──────── Information provided

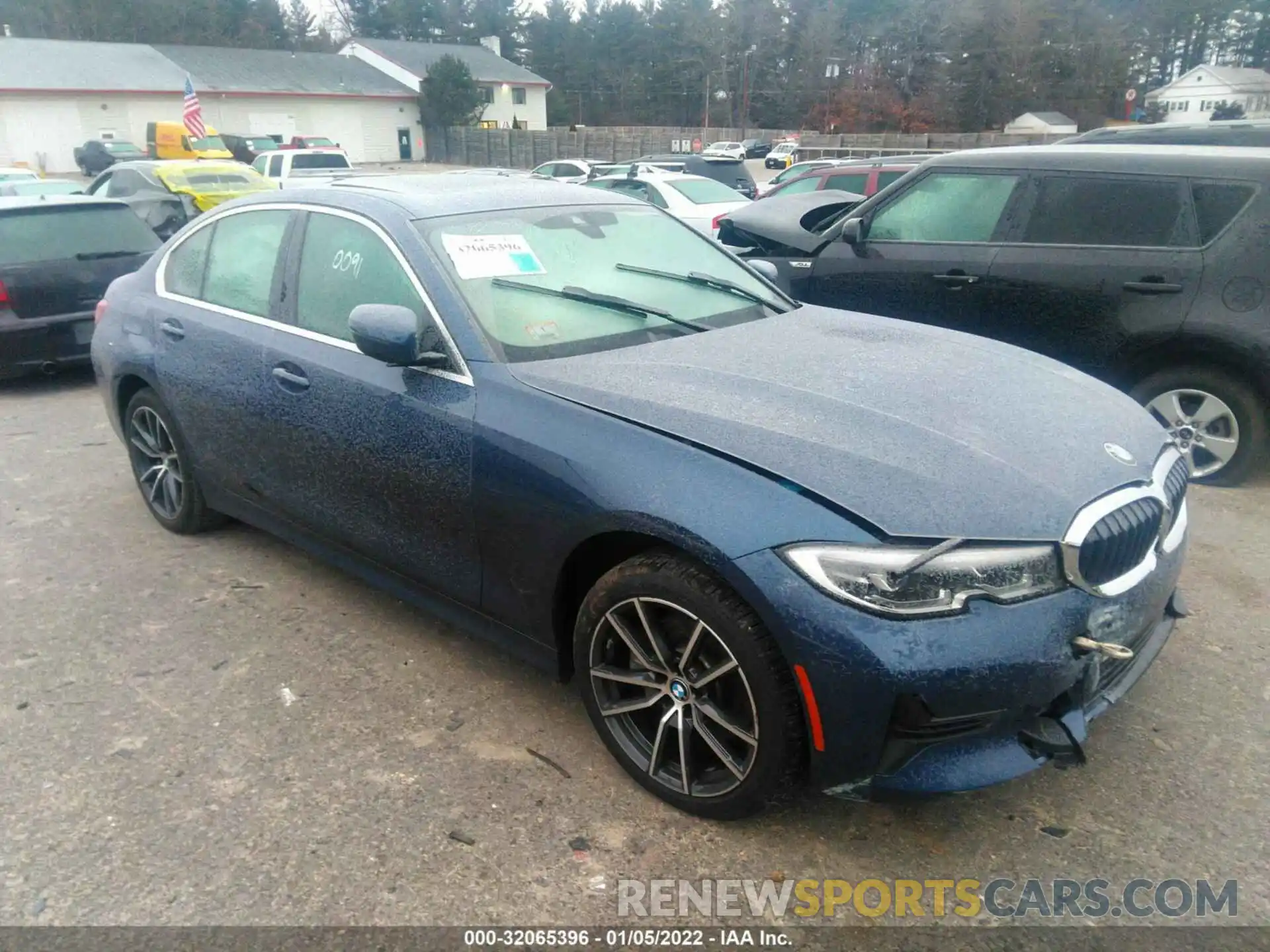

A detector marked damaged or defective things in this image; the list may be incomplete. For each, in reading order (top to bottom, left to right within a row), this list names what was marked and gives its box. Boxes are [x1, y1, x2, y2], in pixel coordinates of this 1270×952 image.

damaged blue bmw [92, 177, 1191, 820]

────────────────
──────── Information provided

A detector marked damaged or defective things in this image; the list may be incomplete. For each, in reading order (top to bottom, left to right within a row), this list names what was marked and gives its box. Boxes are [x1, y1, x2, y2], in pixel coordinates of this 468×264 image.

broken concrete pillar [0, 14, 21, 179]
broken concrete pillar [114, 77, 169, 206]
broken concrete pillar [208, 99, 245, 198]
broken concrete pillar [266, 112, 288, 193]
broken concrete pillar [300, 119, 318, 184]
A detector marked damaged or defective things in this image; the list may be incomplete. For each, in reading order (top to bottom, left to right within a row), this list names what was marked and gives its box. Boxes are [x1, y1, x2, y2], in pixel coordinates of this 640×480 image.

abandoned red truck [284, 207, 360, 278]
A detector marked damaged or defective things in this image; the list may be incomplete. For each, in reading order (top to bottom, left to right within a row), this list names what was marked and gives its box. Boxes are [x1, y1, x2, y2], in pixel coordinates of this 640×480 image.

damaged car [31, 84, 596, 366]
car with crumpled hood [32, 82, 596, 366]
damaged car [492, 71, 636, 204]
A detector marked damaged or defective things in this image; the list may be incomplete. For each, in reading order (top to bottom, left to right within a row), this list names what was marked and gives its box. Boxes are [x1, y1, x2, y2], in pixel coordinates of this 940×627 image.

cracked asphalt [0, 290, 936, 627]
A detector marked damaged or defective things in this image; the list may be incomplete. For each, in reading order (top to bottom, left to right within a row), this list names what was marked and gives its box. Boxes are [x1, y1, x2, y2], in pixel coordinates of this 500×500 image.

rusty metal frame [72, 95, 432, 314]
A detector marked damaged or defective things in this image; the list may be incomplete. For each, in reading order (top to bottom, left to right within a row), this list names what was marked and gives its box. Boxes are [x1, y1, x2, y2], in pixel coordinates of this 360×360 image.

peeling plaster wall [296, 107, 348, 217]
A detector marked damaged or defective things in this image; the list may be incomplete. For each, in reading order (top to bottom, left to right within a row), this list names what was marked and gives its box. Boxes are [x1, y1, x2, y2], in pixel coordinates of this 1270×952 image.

────────────────
──────── Information provided

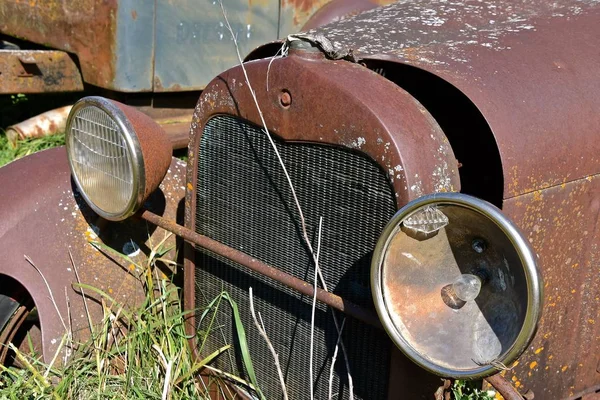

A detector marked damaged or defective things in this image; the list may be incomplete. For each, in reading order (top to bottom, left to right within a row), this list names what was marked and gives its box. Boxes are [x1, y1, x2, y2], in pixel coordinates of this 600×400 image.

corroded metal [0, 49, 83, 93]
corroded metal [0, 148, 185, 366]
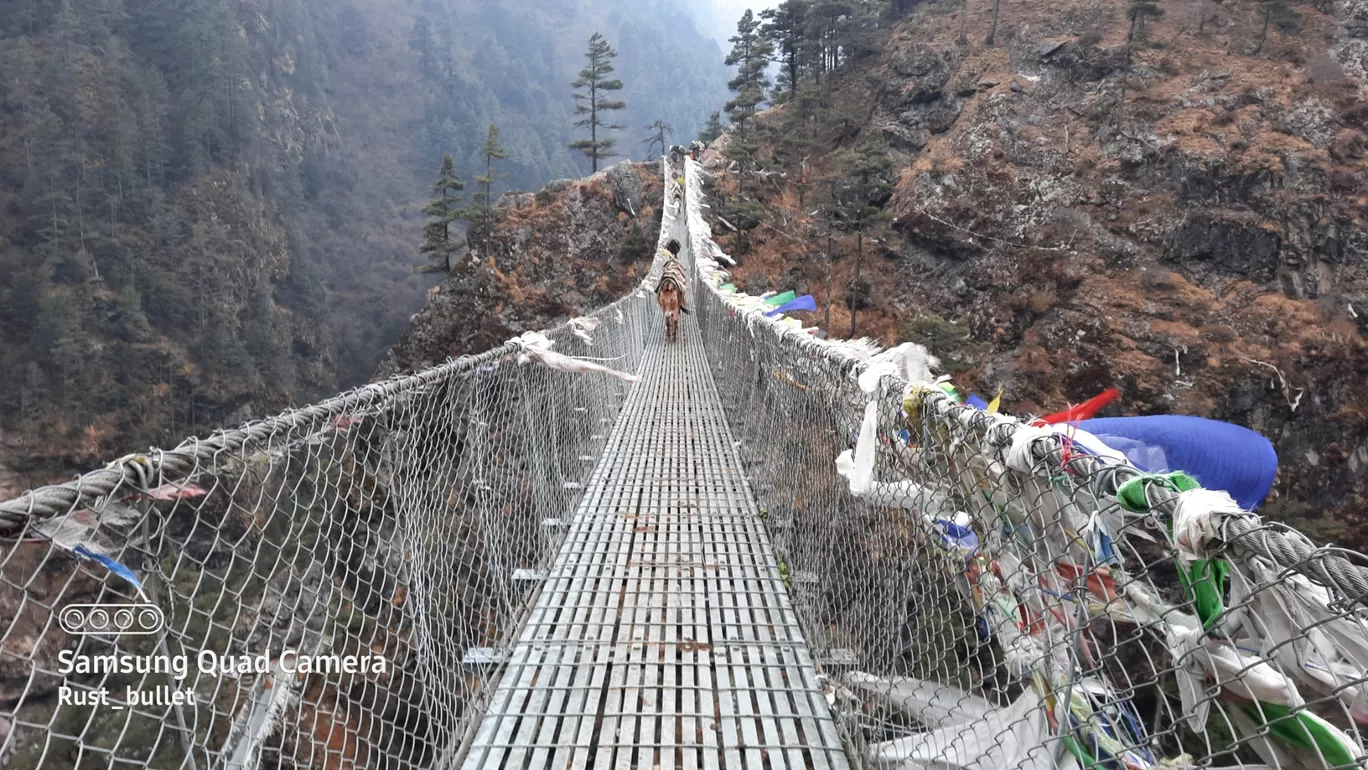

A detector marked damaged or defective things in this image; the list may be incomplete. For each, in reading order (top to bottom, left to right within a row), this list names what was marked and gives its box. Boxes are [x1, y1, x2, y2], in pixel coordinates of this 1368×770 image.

────────────────

◆ Instructions to follow
From the records above, transcribe only the stretch from the line with "this 600×400 image." through the line with "this 1368×770 image.", keeping both ends. Omit pictures.

◆ Answer to this exercise
A detector marked damaged or defective things in this image; the list may be incomplete. For each, in reading order (top to bottom, left to right within a row), this list names what was marked and gives its box. Boxes are [x1, y1, x2, y2], in pixel coordinates of this 600×400 image.

corroded metal [0, 49, 83, 93]
corroded metal [0, 148, 185, 366]

A detector marked damaged or defective things in this image; the list may be incomplete. For each, in reading order (top to bottom, left to right within a row), this list names what was marked and gives its box. Boxes are [x1, y1, x2, y2], in pixel coordinates of this 1368×770 image.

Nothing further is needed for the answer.